The trouble is that human behavior deviates for any number of ordinary reasons, inside and outside the office. A promotion. A new project. Family events. A red-eye flight. Seasons changing. Quarter-end. This is where traditional tools really fall short, because every irregularity is treated as equal. Deviation isn’t inherently risky, and a broken policy isn’t proof of intent. The why is the most crucial aspect here, and it lives across many pages. No single console on that shelf can hold more than one.
So insider risk turns into an investigation question dressed up as a policy question. You don’t have a missing tool. You have one investigation scattered across six of them, and a person paid to staple it back together after the fact — assuming you can even identify that you have an incident at all.
This isn’t a new idea anyone is waiting to be sold on. NIST 800-53 asks you to correlate across security, HR, legal, and audit, because the signal is never in one place. CISA tells you to assess behaviors rather than profiles, and to do it continuously, not once a year. Carnegie Mellon’s CERT program, drawing on decades of real insider cases, describes an observable pathway of behavior that runs ahead of the harm — if someone is reading the whole path.
The standards called for one correlated program years ago. The tools were sold one page at a time, and the program never showed up.
Most organizations still approach insider risk reactively: an incident lands, HR and Legal get worried, and Security spends days reconstructing what happened from logs that were never meant to be read together. This is the “solution” the industry has provided. Meanwhile, the surface keeps growing — SaaS everywhere, identity everywhere, hybrid work, AI threaded into every workflow. The number of pages went up, the shelf got longer, but there’s still no way to read the whole book.
The shelf keeps growing, and in ways it was never designed for. AI agents now act on people’s behalf, with delegated and entirely legitimate access. They are a new kind of insider, and they land in exactly the same blind spot — one more page no single tool was built to read in context.
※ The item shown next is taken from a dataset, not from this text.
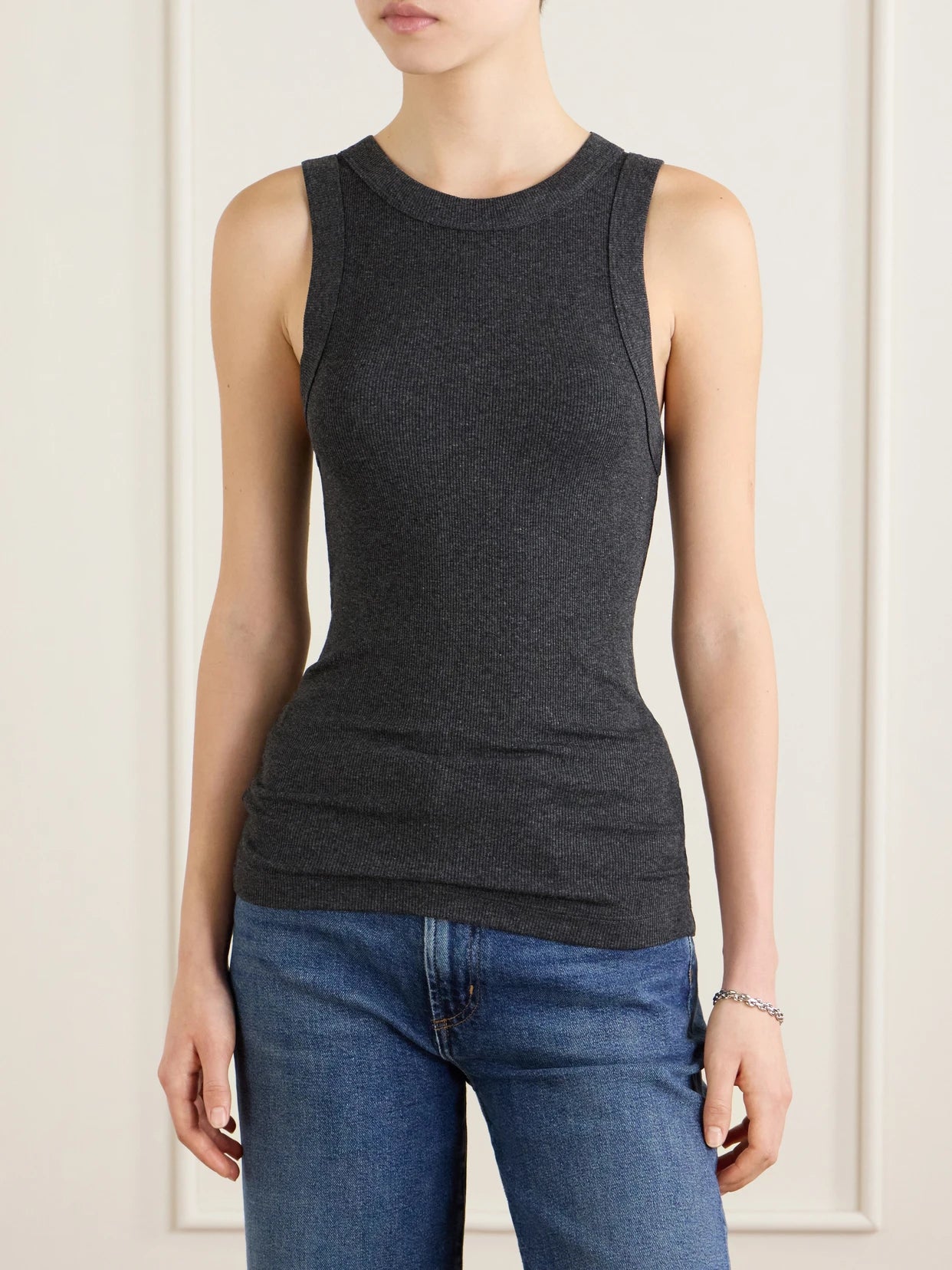 Leigh Ribbed Jersey Tank Top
Rather than adding more shelfware to the industry, we built Above to be the reader. It sees across the systems and understands the world your people work in, so a signal on one surface changes how the next line is read. The export, the login, and the paste stop being three isolated alerts and instead become a holistic account of one person and their agentic counterparts, in chronological order. It reasons over both human and agent behavior as a single story. We can even coach the person in the moment, so a bad week never has to become an incident.
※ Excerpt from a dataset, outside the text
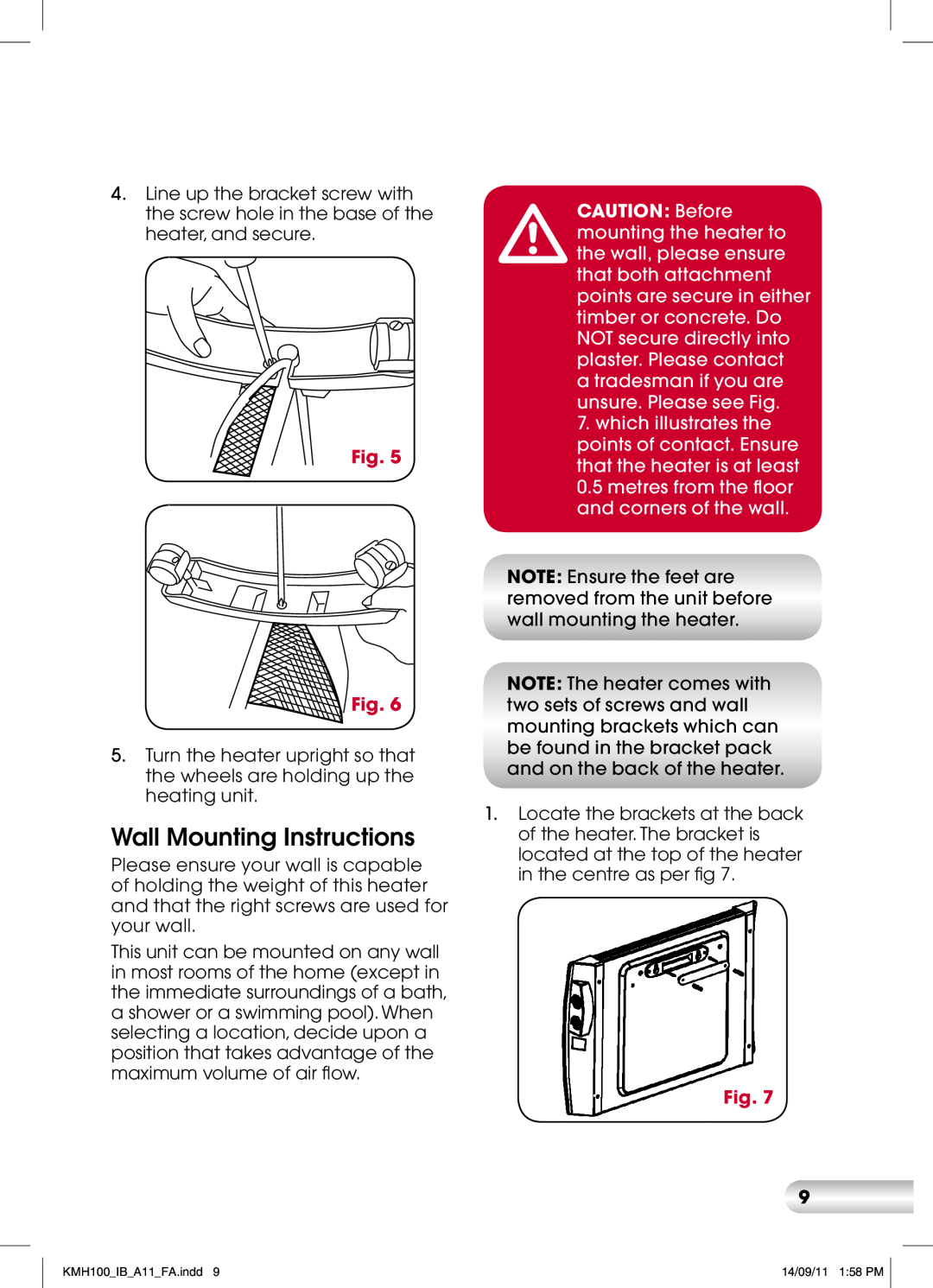Kambrook KMH100 manual Wall Mounting Instructions, Fig. Fig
It’s not just that we need better shelves — we need to rethink the entire library. The products available today are built on reactivity and response, not proactive assumption of risk. Above is a single, native platform, not a bundle of point products wired together.
Bringing a proactive approach to risk lets you keep what’s on your shelf and get actual use out of it. Your identity provider, your EDR, and your CASB keep doing their jobs and feed one investigation now instead of six separate queues. You retire the tools that aren’t effective, and the analysts get to do the work only people can.
Beyond streamlining the investigation, Above weighs the behavior and reaches a judgment of intent backed by the whole story, not a number pulled from one signal. It doesn’t claim to know for certain what was in someone’s head, but it does provide evidence. Every look at a person’s content is opened by an authorized role and logged, so the case stays defensible for HR and legal. We know acting on an employee carries real weight. Machines collect the data, but humans decide how to use it.